Web page caption snippets:
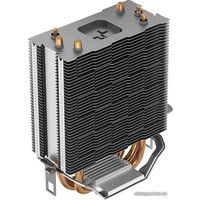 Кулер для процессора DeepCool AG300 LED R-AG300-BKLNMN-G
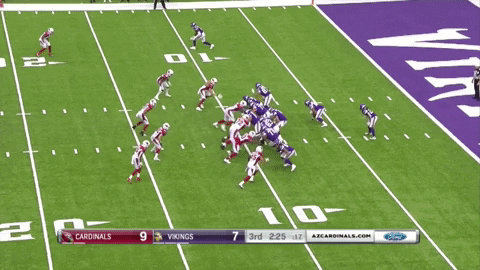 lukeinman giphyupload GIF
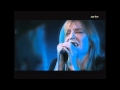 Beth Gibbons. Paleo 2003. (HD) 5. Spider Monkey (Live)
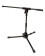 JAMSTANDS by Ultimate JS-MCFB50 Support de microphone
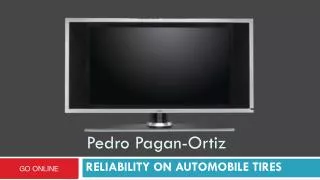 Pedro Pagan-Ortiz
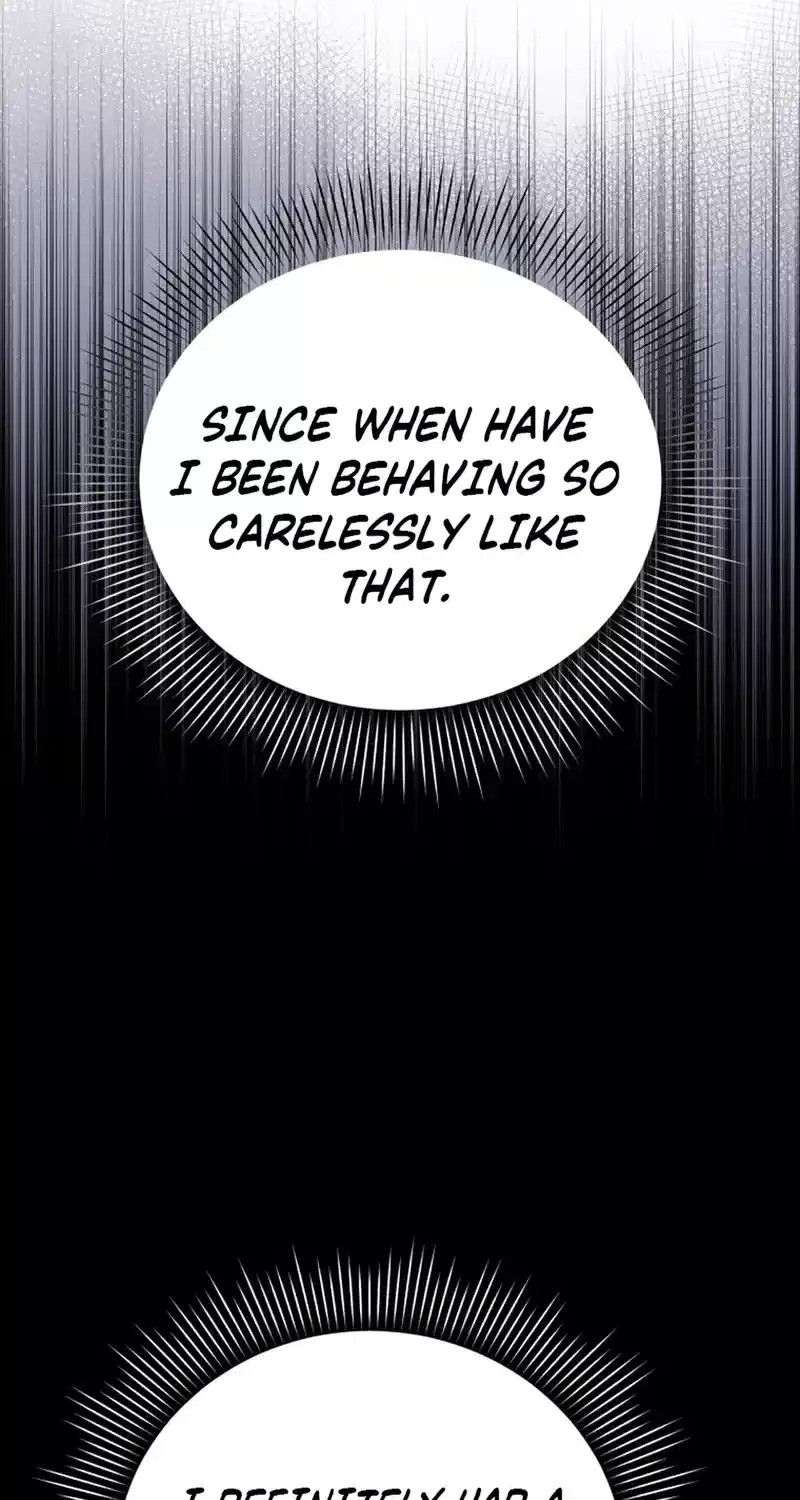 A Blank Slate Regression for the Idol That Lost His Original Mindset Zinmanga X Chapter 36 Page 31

Exercise brief: Your task is to set down exactly the lines that run from the line holding "lukeinman giphyupload GIF" through the close of the entries, including both ends. Pictures stay out.

Written answer:
 lukeinman giphyupload GIF
 Beth Gibbons. Paleo 2003. (HD) 5. Spider Monkey (Live)
 JAMSTANDS by Ultimate JS-MCFB50 Support de microphone
 Pedro Pagan-Ortiz
 A Blank Slate Regression for the Idol That Lost His Original Mindset Zinmanga X Chapter 36 Page 31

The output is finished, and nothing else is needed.